§ **Given data**:

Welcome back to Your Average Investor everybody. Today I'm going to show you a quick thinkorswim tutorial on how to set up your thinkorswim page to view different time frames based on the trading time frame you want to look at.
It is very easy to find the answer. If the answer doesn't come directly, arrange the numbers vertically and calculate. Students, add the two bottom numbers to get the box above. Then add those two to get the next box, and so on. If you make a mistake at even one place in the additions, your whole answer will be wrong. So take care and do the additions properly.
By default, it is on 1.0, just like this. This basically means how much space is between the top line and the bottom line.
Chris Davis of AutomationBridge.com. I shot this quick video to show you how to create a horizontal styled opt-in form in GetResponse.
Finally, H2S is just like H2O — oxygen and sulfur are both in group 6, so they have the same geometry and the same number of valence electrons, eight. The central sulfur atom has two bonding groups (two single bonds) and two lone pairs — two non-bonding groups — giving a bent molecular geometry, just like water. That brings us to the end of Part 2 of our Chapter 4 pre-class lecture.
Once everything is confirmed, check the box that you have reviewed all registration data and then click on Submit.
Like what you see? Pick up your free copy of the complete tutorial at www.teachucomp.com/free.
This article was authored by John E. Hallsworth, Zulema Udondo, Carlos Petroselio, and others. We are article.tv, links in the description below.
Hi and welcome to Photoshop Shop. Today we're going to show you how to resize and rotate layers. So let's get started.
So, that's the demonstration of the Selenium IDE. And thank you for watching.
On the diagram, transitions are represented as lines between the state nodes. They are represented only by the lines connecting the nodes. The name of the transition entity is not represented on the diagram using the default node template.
* * *
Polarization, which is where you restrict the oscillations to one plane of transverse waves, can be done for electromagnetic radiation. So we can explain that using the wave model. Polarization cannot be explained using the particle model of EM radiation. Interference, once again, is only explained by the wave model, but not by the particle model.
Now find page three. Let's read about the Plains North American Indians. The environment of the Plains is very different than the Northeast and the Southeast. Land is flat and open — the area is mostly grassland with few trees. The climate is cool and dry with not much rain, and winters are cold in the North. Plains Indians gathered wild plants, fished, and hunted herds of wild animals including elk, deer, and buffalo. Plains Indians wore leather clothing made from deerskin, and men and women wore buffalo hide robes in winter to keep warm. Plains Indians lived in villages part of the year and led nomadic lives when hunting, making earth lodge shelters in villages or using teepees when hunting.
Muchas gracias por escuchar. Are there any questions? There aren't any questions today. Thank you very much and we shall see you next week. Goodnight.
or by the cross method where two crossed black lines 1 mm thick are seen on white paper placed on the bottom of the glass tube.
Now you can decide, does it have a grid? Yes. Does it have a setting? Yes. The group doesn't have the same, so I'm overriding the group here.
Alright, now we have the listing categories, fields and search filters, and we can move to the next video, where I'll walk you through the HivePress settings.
--
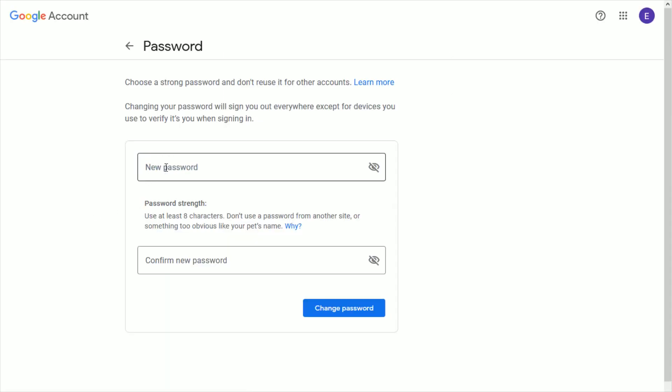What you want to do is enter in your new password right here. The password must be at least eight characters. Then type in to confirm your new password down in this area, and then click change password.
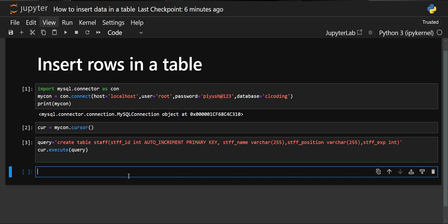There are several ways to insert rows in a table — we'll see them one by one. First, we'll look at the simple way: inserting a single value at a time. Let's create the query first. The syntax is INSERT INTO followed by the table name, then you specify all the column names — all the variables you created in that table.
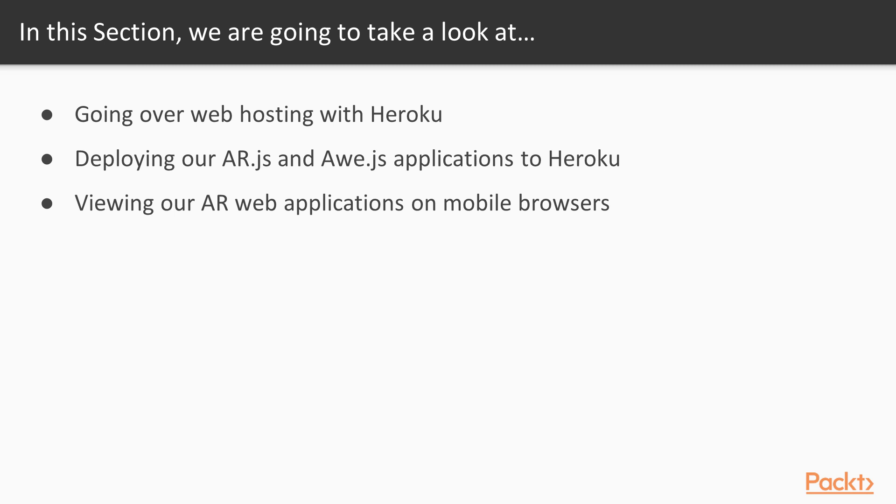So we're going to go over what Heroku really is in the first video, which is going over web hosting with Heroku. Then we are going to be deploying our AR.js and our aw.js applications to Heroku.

§ **Your goal**:
Out of the material above, output word for word the line with "Welcome back to", the line with "It is very easy", and all lines between them, with nothing else.

§ **Task solution**:
Welcome back to Your Average Investor everybody. Today I'm going to show you a quick thinkorswim tutorial on how to set up your thinkorswim page to view different time frames based on the trading time frame you want to look at.
It is very easy to find the answer. If the answer doesn't come directly, arrange the numbers vertically and calculate. Students, add the two bottom numbers to get the box above. Then add those two to get the next box, and so on. If you make a mistake at even one place in the additions, your whole answer will be wrong. So take care and do the additions properly.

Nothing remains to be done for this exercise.